Starting at the line with "Now O.X. ox, sounds" and going on through the line with "Tip number three: Freelancer.com", reproduce each line in the records below exactly and nothing more.

→ Record extracts:
== Segment start ==

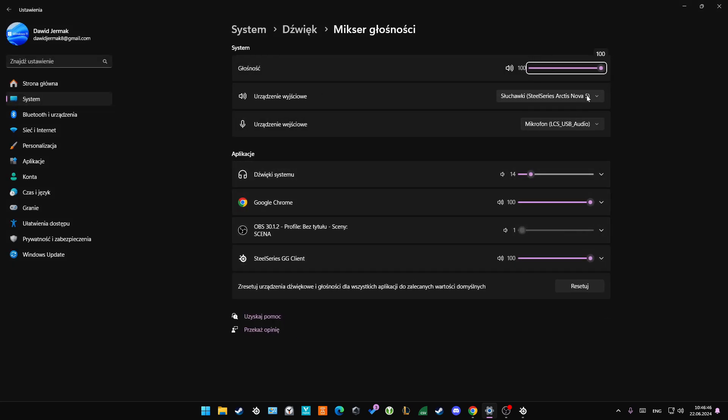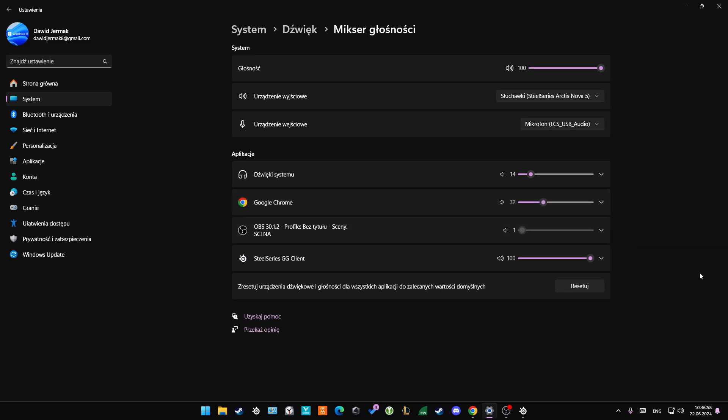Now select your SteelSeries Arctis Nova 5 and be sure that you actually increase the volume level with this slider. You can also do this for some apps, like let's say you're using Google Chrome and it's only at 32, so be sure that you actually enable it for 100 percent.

== Segment end ==
== Segment start ==

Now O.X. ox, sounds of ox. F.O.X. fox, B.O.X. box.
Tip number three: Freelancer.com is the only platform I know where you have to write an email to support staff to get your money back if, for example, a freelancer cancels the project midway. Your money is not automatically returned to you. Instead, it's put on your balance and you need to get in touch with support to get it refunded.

== Segment end ==

→ Solution for this problem:
Now O.X. ox, sounds of ox. F.O.X. fox, B.O.X. box.
Tip number three: Freelancer.com is the only platform I know where you have to write an email to support staff to get your money back if, for example, a freelancer cancels the project midway. Your money is not automatically returned to you. Instead, it's put on your balance and you need to get in touch with support to get it refunded.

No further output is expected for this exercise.